Task to carry out: Nothing after the line with "Hotel Oyo Premium Vani Vihar 17" belongs in the copy; extract the lines below from the top through that line, pictures left out.

==========

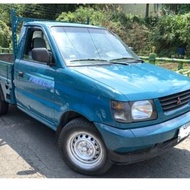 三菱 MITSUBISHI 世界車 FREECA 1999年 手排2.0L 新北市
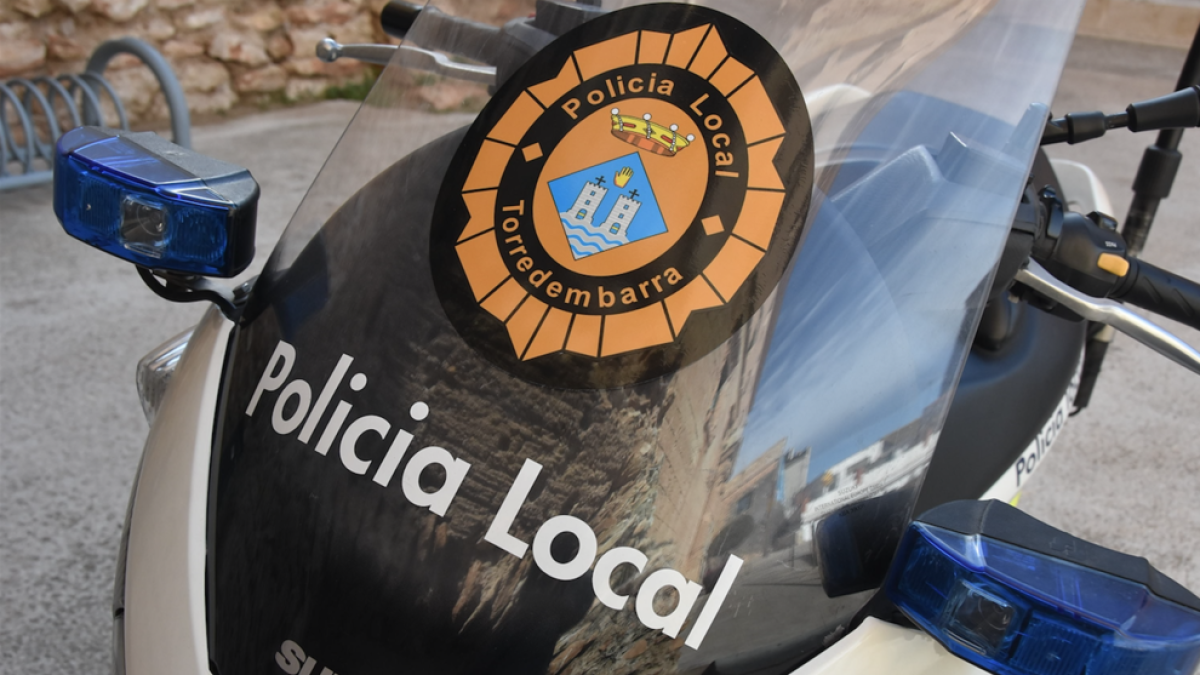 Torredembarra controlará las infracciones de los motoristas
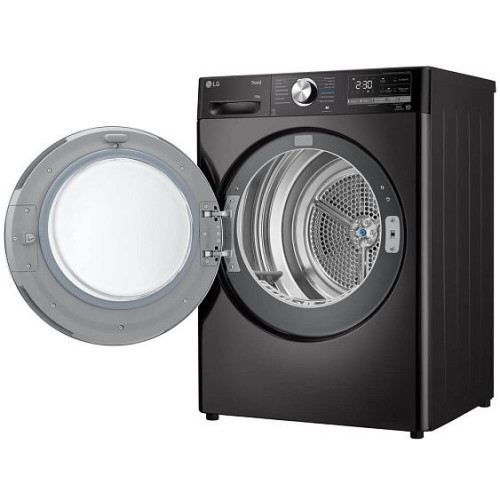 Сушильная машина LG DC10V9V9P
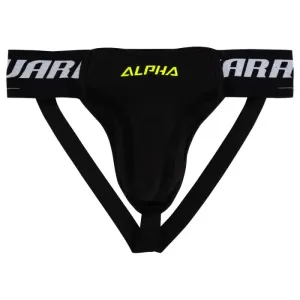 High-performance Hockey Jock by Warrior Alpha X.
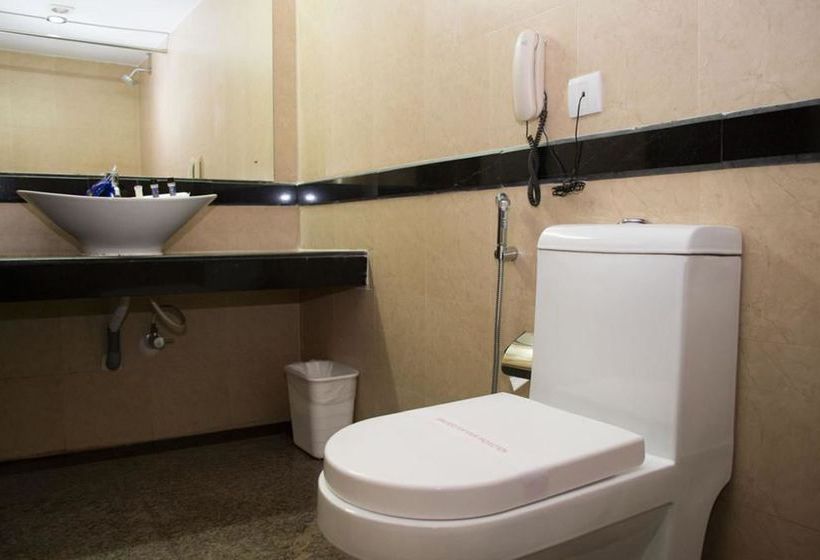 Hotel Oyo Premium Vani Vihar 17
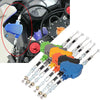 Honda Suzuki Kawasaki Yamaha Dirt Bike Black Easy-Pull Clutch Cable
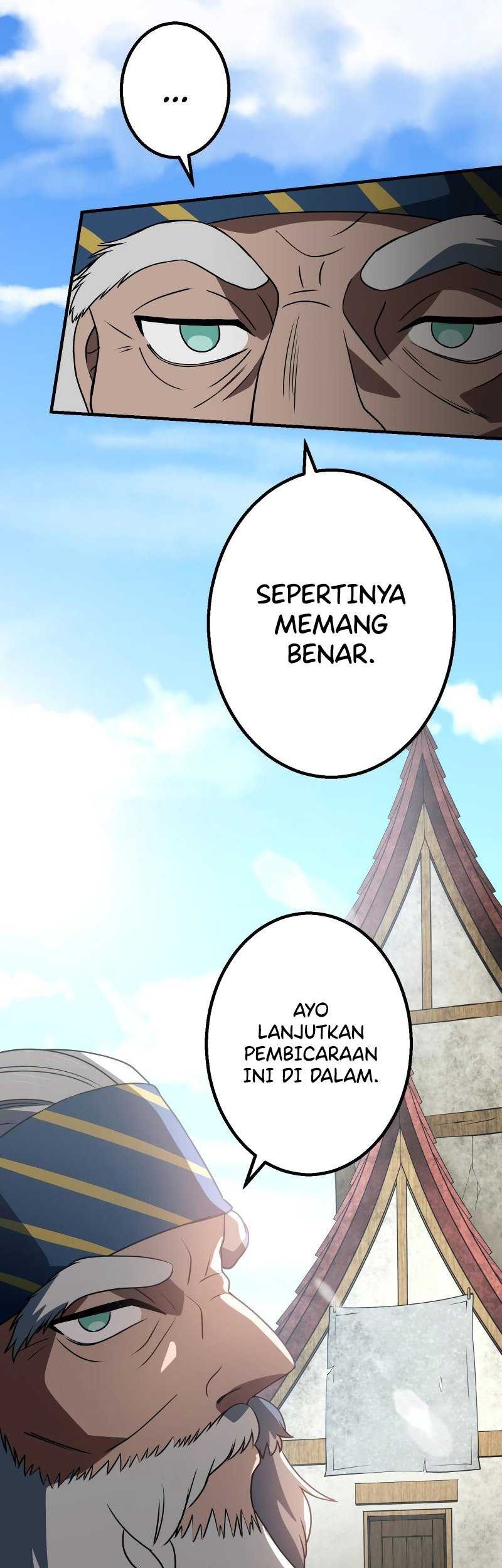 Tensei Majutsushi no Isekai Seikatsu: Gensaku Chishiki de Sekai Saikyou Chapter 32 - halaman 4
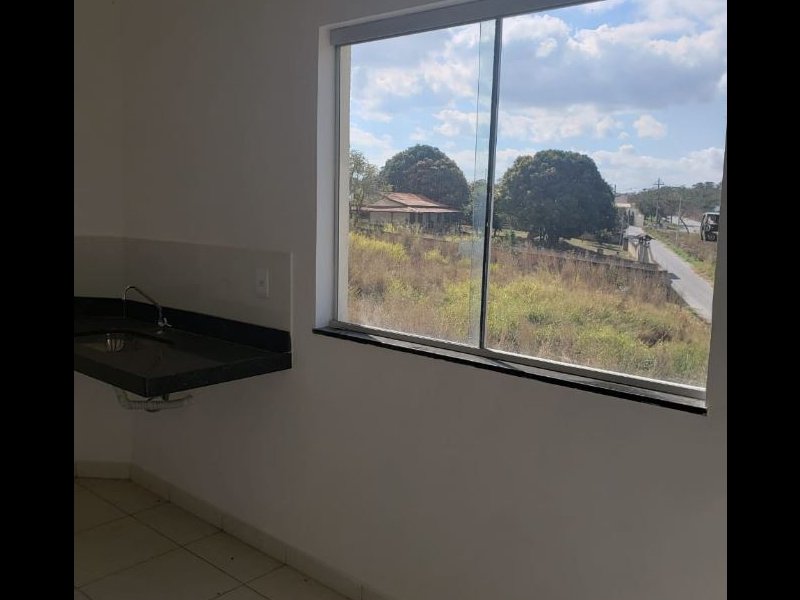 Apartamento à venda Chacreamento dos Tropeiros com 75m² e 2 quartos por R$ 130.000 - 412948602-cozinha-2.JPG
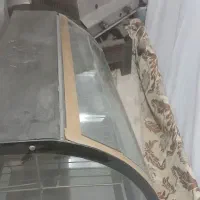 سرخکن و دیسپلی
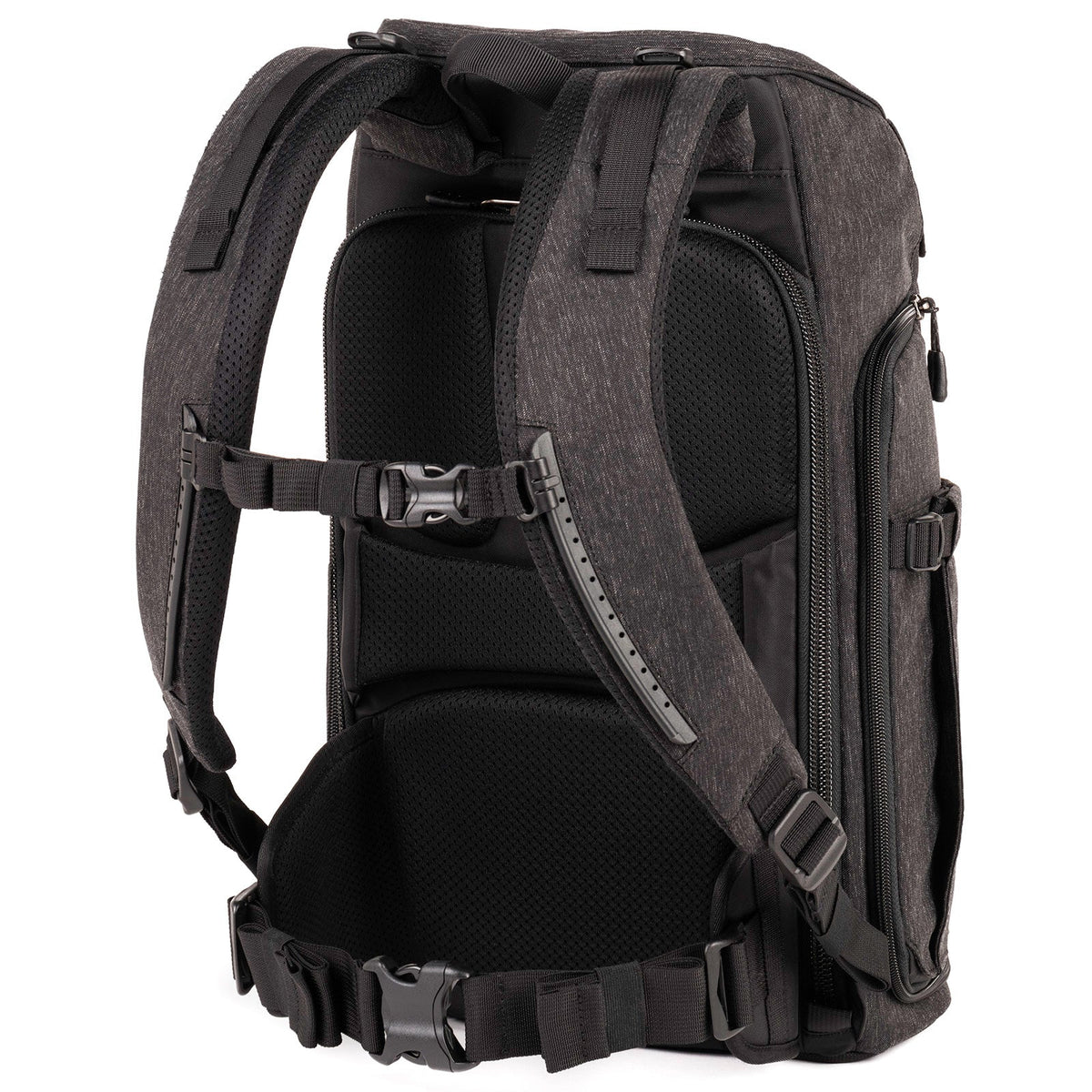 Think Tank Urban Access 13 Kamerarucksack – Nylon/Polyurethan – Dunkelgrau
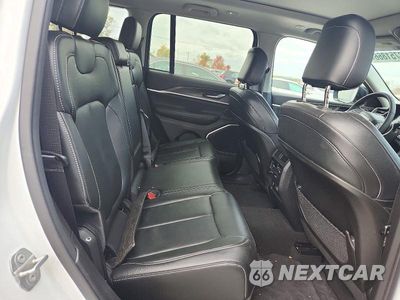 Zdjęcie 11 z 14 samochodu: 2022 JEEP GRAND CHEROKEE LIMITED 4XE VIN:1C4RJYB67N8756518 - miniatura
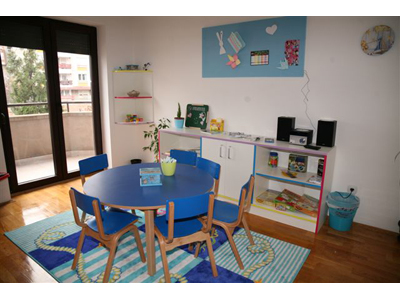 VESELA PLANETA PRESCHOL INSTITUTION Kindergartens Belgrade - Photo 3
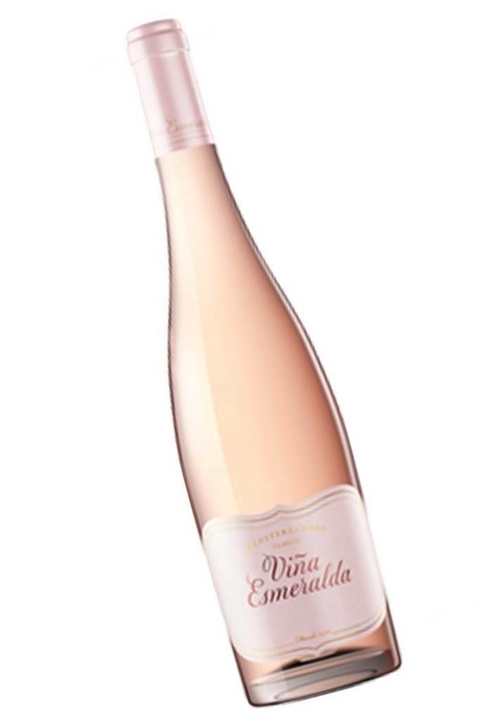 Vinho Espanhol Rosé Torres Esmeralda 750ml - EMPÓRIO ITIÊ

==========

Finished task:
 三菱 MITSUBISHI 世界車 FREECA 1999年 手排2.0L 新北市
 Torredembarra controlará las infracciones de los motoristas
 Сушильная машина LG DC10V9V9P
 High-performance Hockey Jock by Warrior Alpha X.
 Hotel Oyo Premium Vani Vihar 17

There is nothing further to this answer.